*** Begin section ***

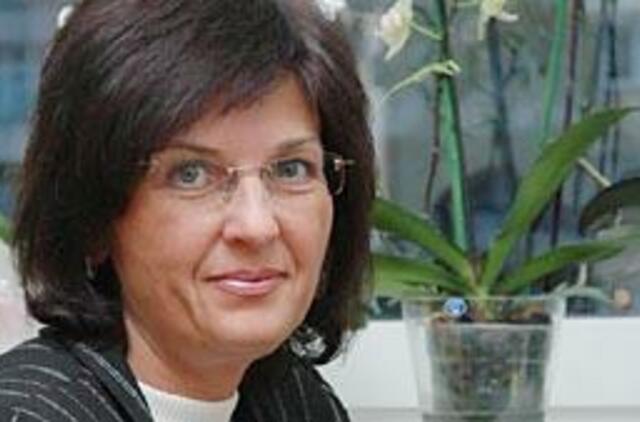 Politikai pasišovė atimti kompensaciją iš pasitraukusios valdininkės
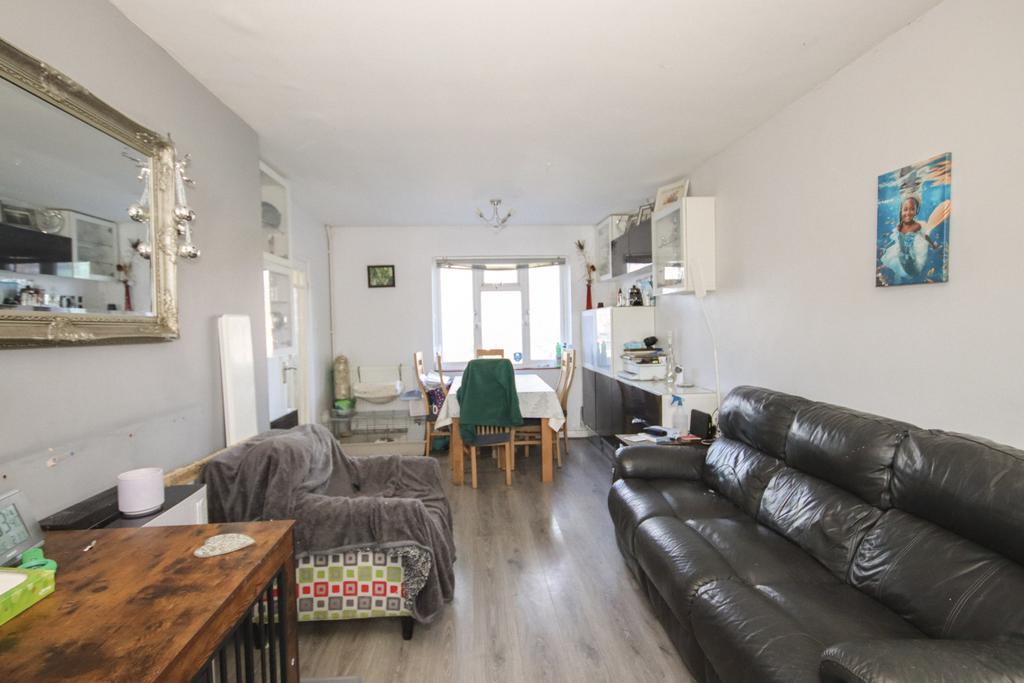 Living Room/ Diner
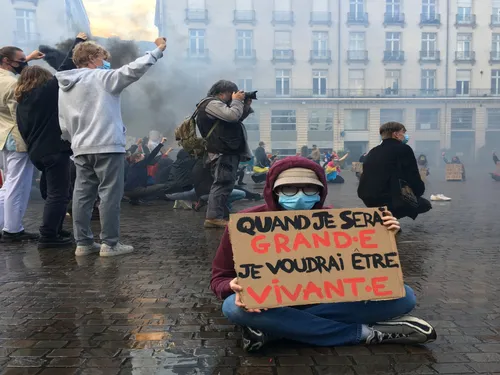 La jeunesse se mobilise pour le climat, place Royale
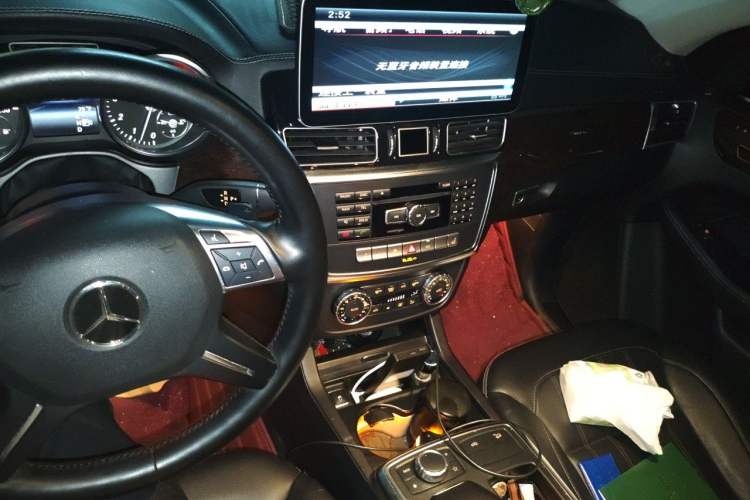Used Mercedes-Benz GL-Class  Audio And AC Panel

*** End section ***

[Work task]: Word for word, restate all of the material, omitting the images.

[Answer to this problem]:
 Politikai pasišovė atimti kompensaciją iš pasitraukusios valdininkės
 Living Room/ Diner
 La jeunesse se mobilise pour le climat, place Royale
Used Mercedes-Benz GL-Class  Audio And AC Panel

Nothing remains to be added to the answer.